DATASET ENTRIES |
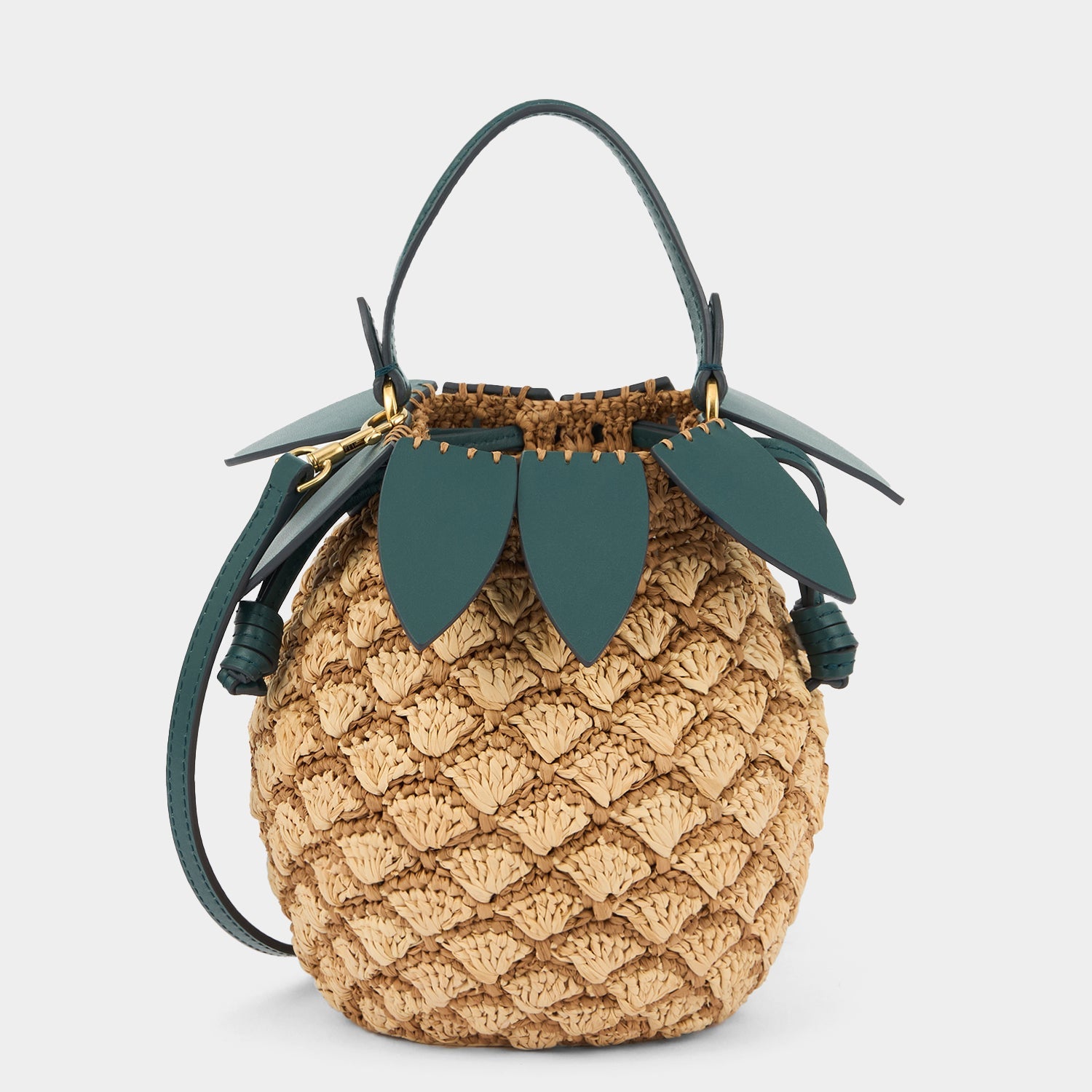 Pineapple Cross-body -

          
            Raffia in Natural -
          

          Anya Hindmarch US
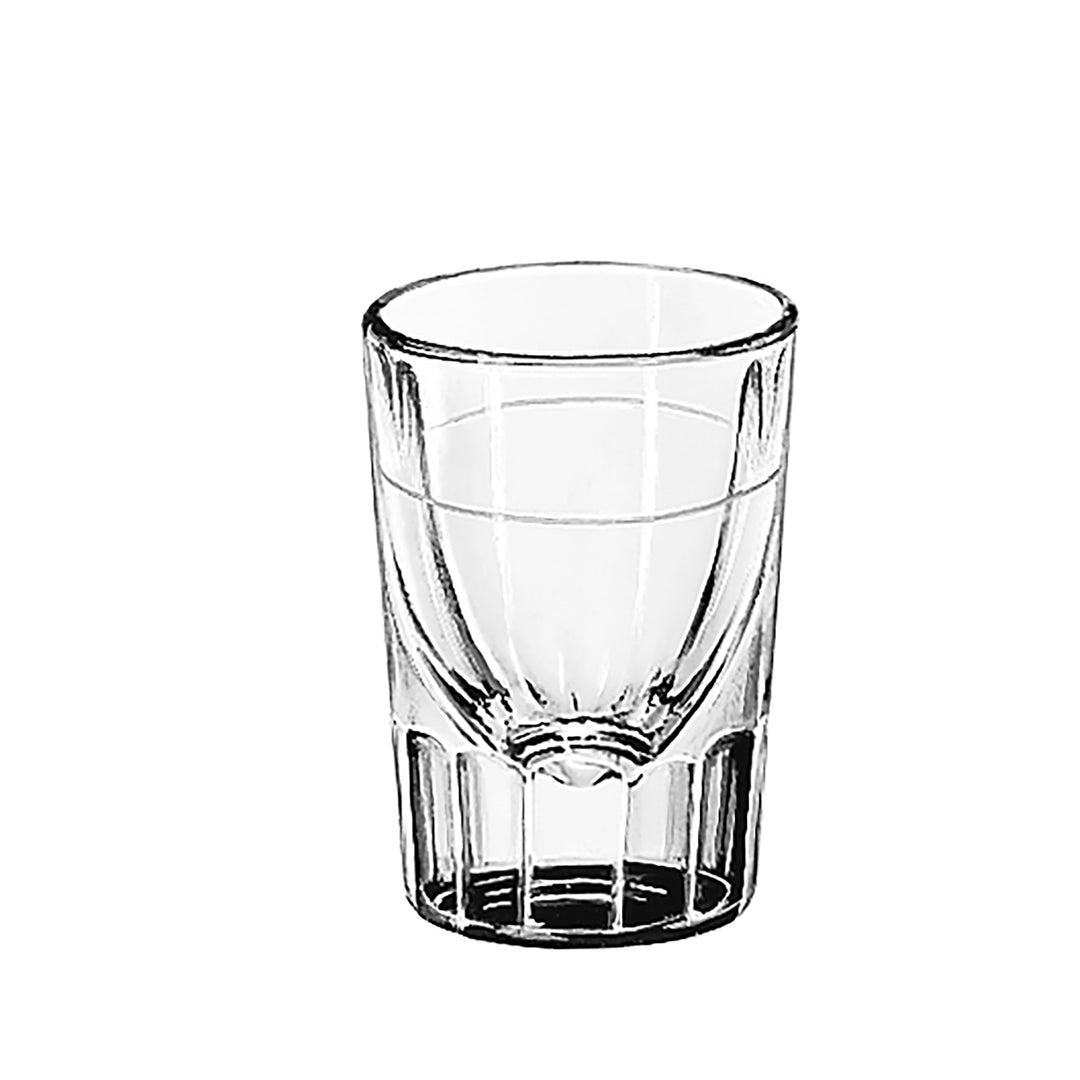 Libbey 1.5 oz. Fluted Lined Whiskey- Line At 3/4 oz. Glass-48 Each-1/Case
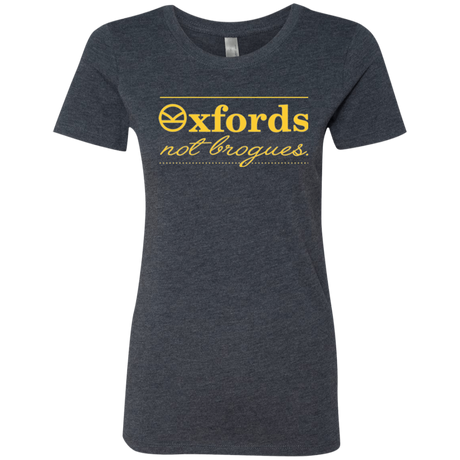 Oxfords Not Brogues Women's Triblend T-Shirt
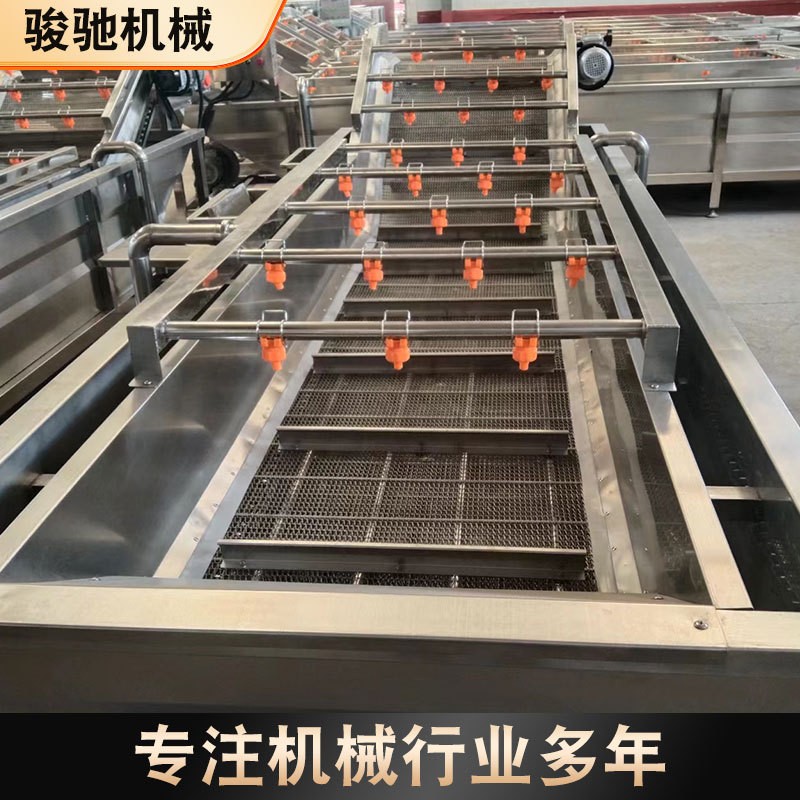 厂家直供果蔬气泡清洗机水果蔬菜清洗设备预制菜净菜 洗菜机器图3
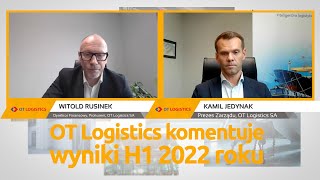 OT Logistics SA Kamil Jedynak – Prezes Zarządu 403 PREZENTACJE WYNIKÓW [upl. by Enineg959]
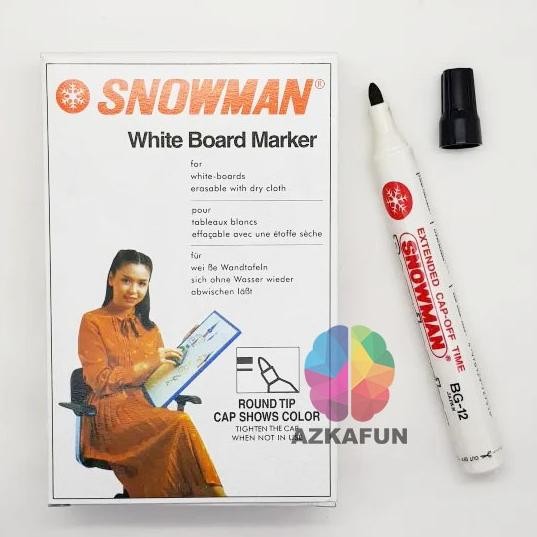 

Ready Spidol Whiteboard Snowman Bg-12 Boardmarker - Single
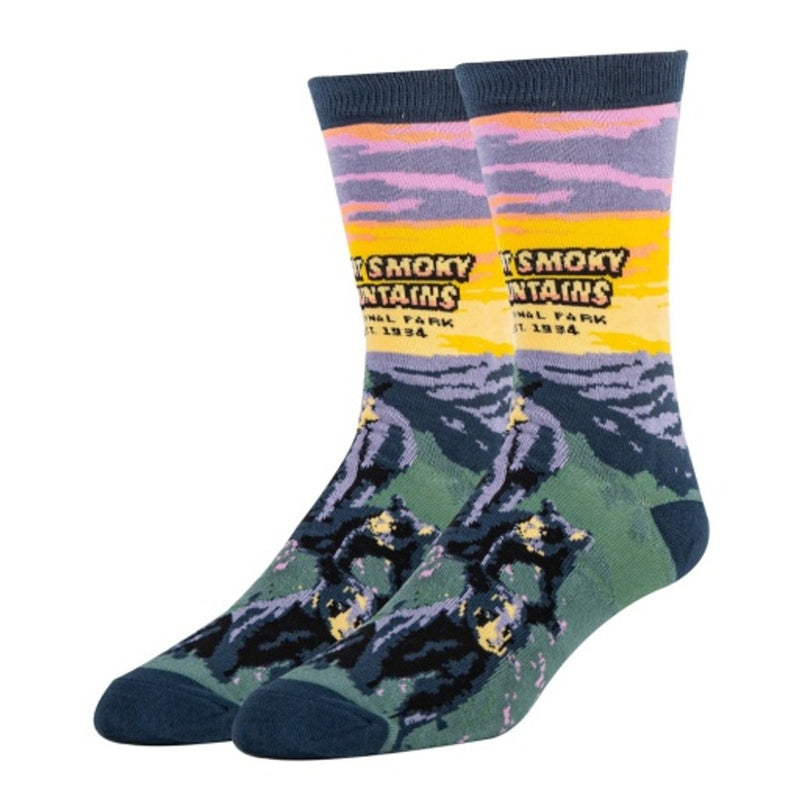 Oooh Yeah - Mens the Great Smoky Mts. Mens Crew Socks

ABOUT THIS TASK | Every entry must be reproduced exactly, with the images left out.

EXPECTED ANSWER |
 Pineapple Cross-body -

          
            Raffia in Natural -
          

          Anya Hindmarch US
 Libbey 1.5 oz. Fluted Lined Whiskey- Line At 3/4 oz. Glass-48 Each-1/Case
 Oxfords Not Brogues Women's Triblend T-Shirt
 厂家直供果蔬气泡清洗机水果蔬菜清洗设备预制菜净菜 洗菜机器图3
 OT Logistics SA Kamil Jedynak – Prezes Zarządu 403 PREZENTACJE WYNIKÓW [upl. by Enineg959]

Ready Spidol Whiteboard Snowman Bg-12 Boardmarker - Single
 Oooh Yeah - Mens the Great Smoky Mts. Mens Crew Socks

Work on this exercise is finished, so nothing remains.